El periodista español Ernesto Fernández Samaniego publicó la siguiente historia en la página Basketconfidencial y como aborda una problemática humana que nos roza a todos quienes estamos vinculados a este hermoso deporte, nos parece imprescindible leerlo. Así comprenderemos que, además de todo lo que nos gusta de él, el Básquetbol logra incluir en la vida "normal" a mucha gente que no creía posible hacerlo y sentirlo, según la sensibilidad que demuestran esos lungos, diferente a la nuestra (los petizos emotivos) absolutamente transparente. Leamos.
Era marcadamente distinto. Apenas tuvo infancia. Su estatura y corpulencia le catapultaron a una infinita adolescencia, de desgarbado acné, de timidez vacía y marginadora, de sexo desconocido e imposible, el ajeno, de compañeros crueles y ropa de adulto obligada y costosa. Odiaba jugar con otros, incómodamente resignado a su torpeza, a su altura casi cómica, a la confusión sobre su edad, a su latente tristeza. A veces, gente seguramente morbosa, se hacía fotos a su lado. Se sentía marioneta, anécdota, dolorosamente especial.
Estaba subido a ese extraño pedestal que le hacía diferente, llamativo, ajeno a la disposición normal de lo más común, de lo cotidiano. Vivía escondido, abrumado. Pesaba demasiado, medía demasiado, comía demasiado, destacaba demasiado. El placer de viajar se tornaba en asientos de juguete bajo piernas interminables, la urgencia del baño era un zulo dentro de un bar, donde entrar o salir requería instrucciones. Era enorme. Era distinto. Era peor. O eso pensaba. Fueron años largos, lacerantes.
No pasó mucho tiempo. Musculado, 2,10 m, coordinado, potente, seguro de sí mismo. Aprendió a competir, a obedecer con agrado, a respetar al rival, a mirar hacia arriba a algunos amigos, no demasiados –pero ya no importaba–, a hacerse respetar, a que una acción suya mereciera aplausos, a compartir ropa y confidencias, a jugar a peleas sin hacer daño, a lucir orgulloso espalda, bíceps y torso, a saltar para poder llegar a algo, a ese aro, majestuoso y brillante, salvador de su penar. Vivía, por primera vez, en su propia vida… Era un brillante deportista, un enorme saco de virtudes, humanas y deportivas. Era poste, pívot, cinco, ‘center’. Era grande y poderoso, pero humilde.
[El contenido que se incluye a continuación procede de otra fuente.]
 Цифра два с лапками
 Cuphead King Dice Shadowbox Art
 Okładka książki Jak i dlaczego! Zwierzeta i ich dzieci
Era feliz.
El momento de saltar a la pista casi olía diferente, la zona era su casa, sin hipotecas, firmaba autógrafos, sus compañeros eran como él, su vida era para él, su hotel era suyo, su cama era enorme, y se gustaba. Su madre le seguía acariciando, pero la caricia del destino se la ofreció su mano amiga, su mentor.
Escoger es un arte, pero acertar es la obra maestra.